EXERCISE DATA:
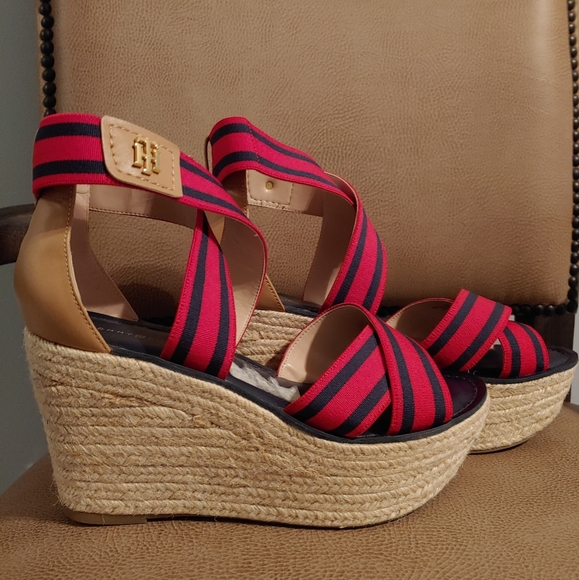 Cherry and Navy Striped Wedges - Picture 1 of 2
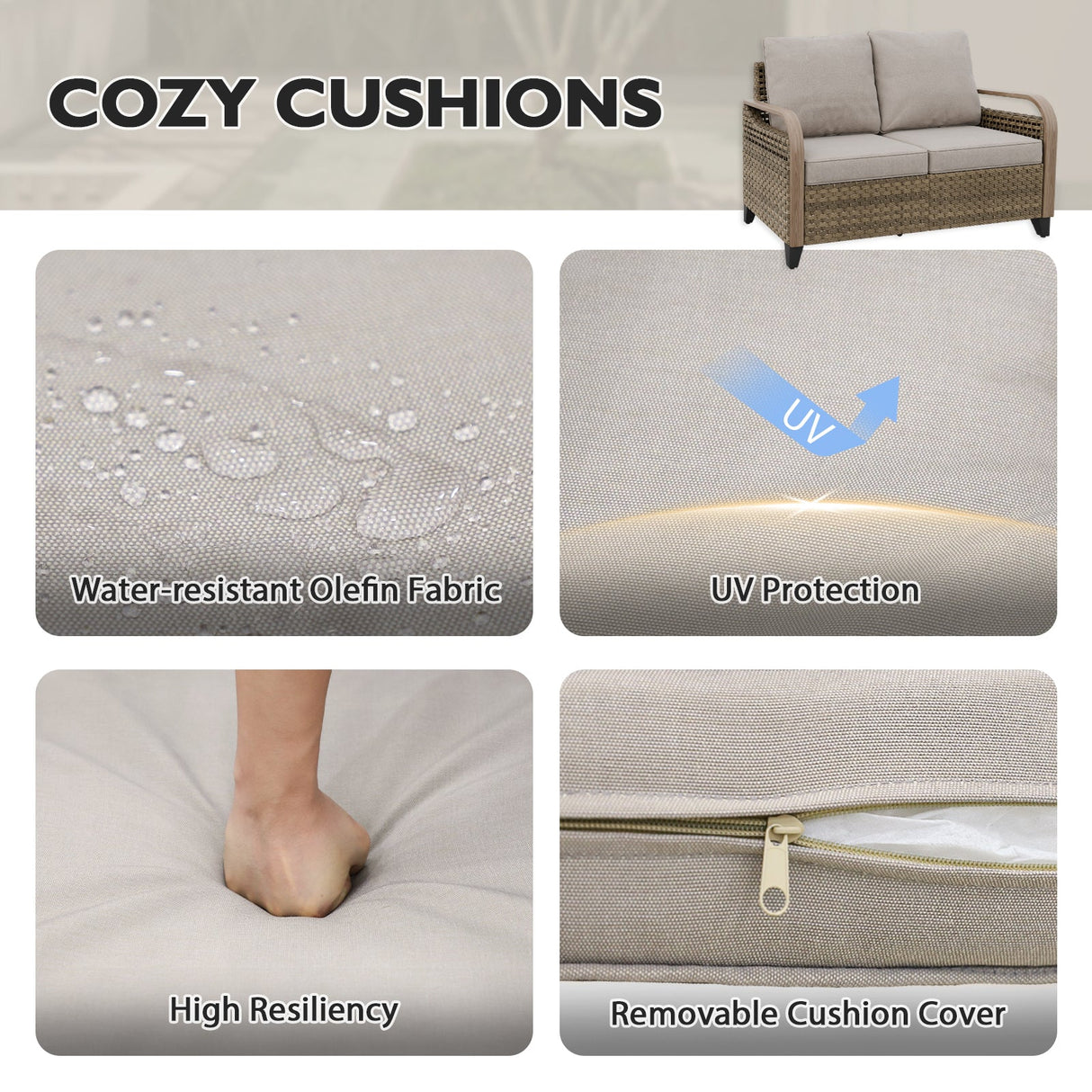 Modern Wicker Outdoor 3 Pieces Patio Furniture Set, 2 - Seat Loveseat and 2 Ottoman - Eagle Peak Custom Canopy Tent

--

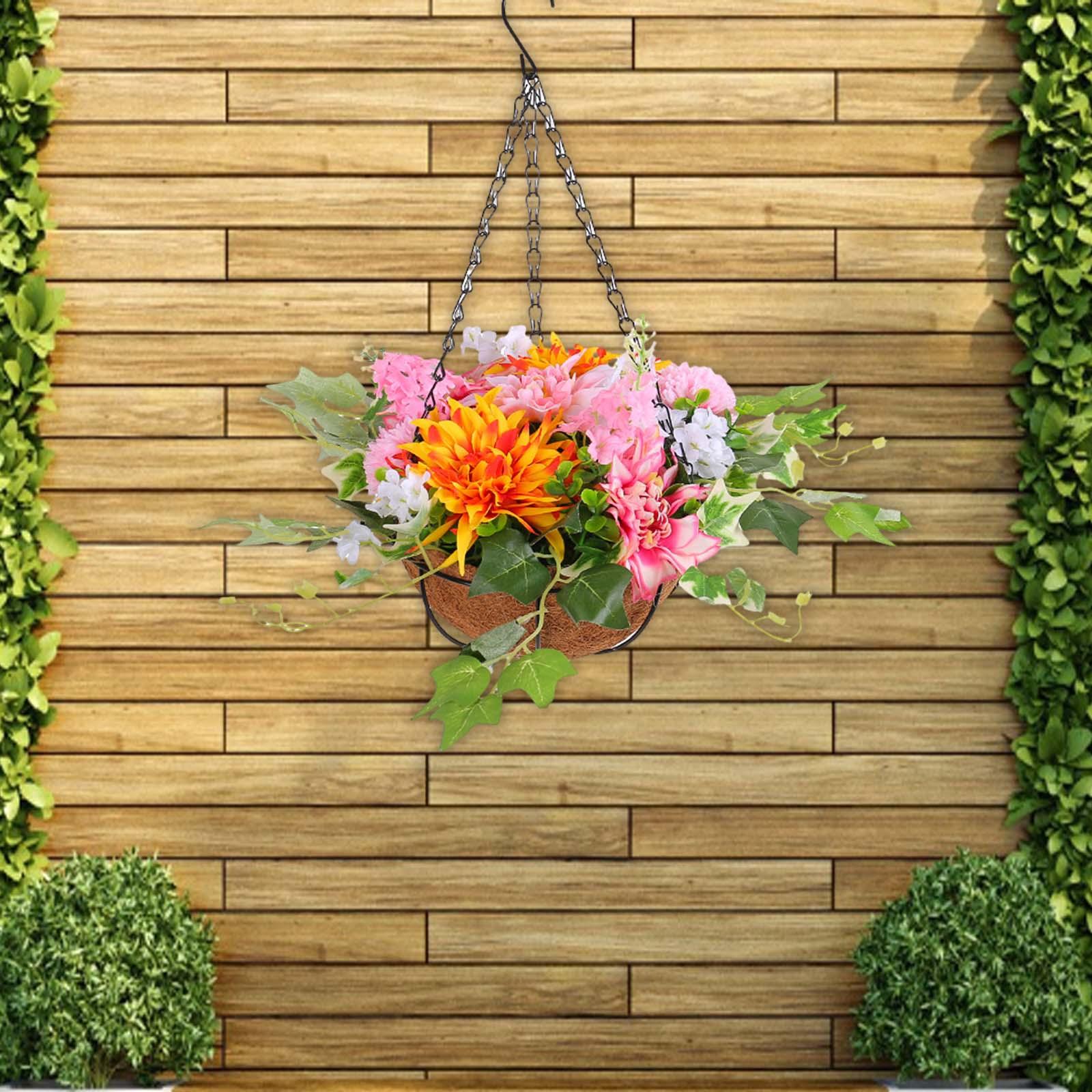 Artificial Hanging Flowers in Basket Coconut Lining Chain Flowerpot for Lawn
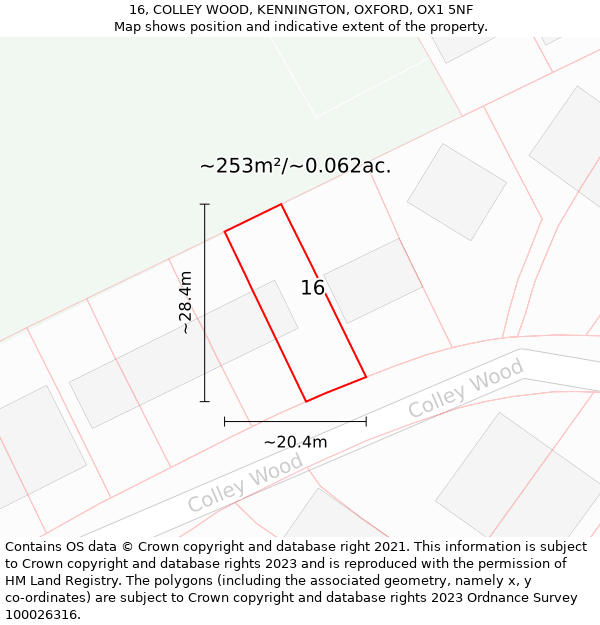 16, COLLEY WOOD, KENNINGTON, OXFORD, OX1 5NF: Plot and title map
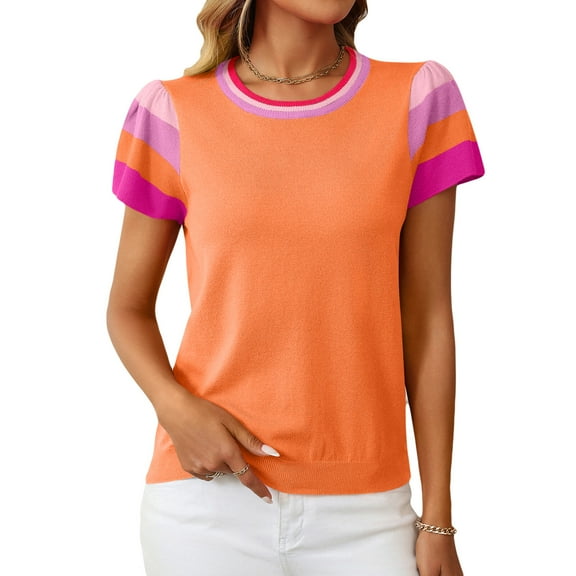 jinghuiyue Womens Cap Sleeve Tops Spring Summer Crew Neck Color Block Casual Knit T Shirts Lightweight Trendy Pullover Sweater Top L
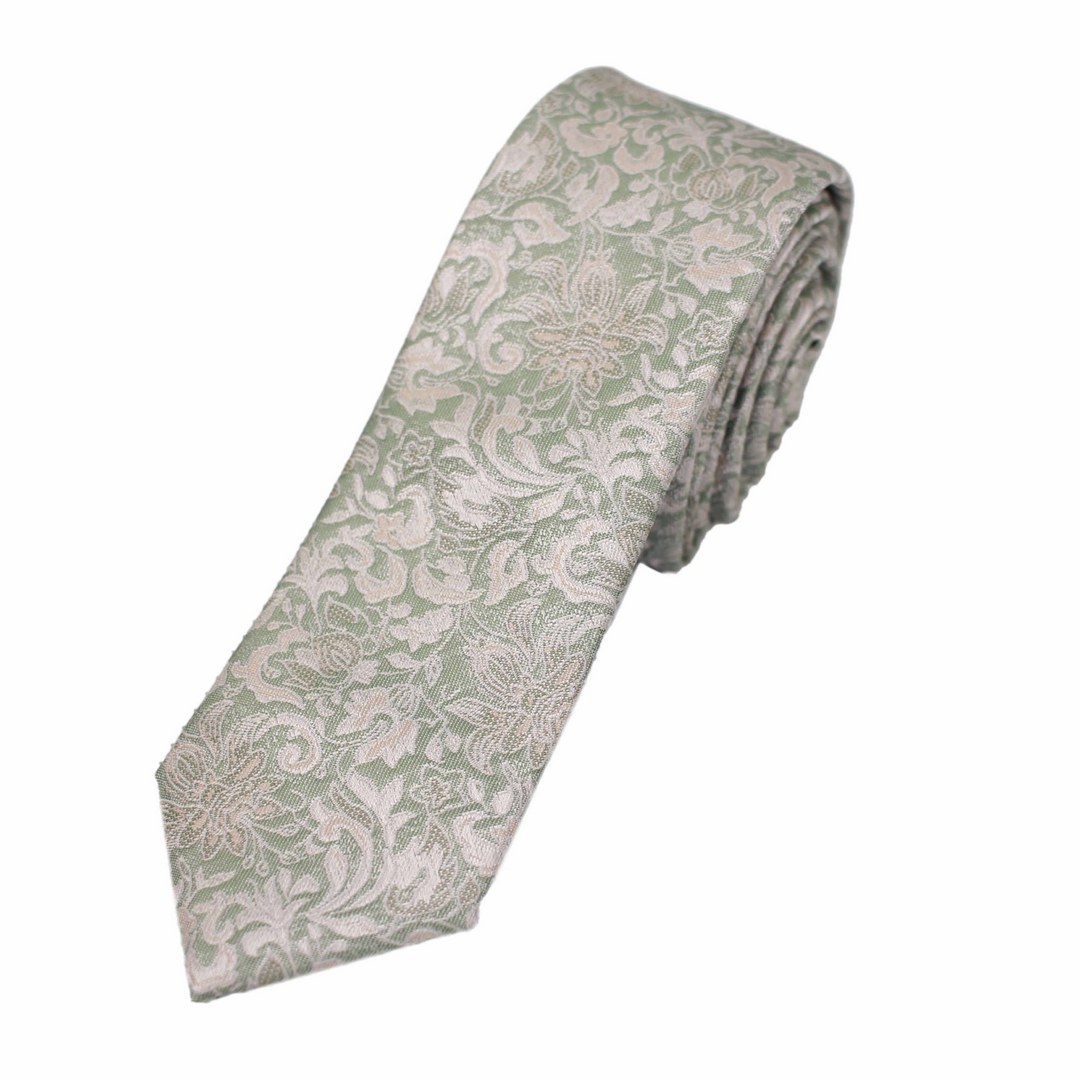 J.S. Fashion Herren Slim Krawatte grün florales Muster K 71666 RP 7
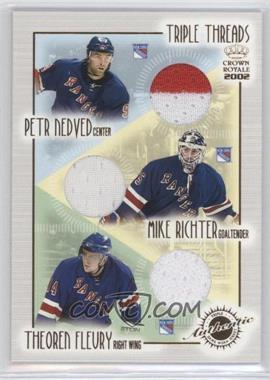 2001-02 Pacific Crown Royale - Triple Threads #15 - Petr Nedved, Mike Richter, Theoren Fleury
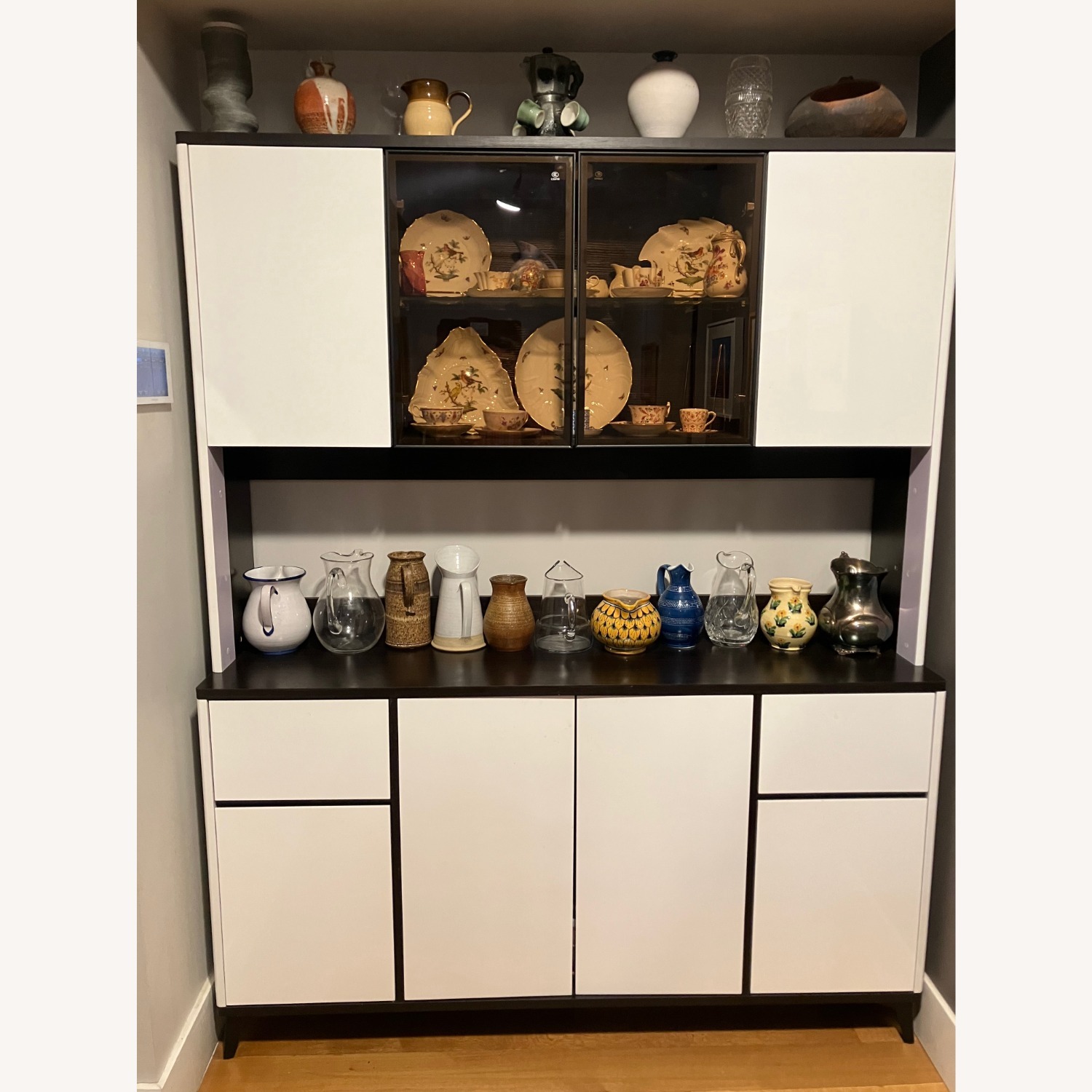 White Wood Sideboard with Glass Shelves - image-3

TASK PROMPT:
Word for word, write out the lines above running from the one with "Cherry and Navy" up to and including the one with "Modern Wicker Outdoor". Drop any picture.

RESPONSE TO THIS EXERCISE:
 Cherry and Navy Striped Wedges - Picture 1 of 2
 Modern Wicker Outdoor 3 Pieces Patio Furniture Set, 2 - Seat Loveseat and 2 Ottoman - Eagle Peak Custom Canopy Tent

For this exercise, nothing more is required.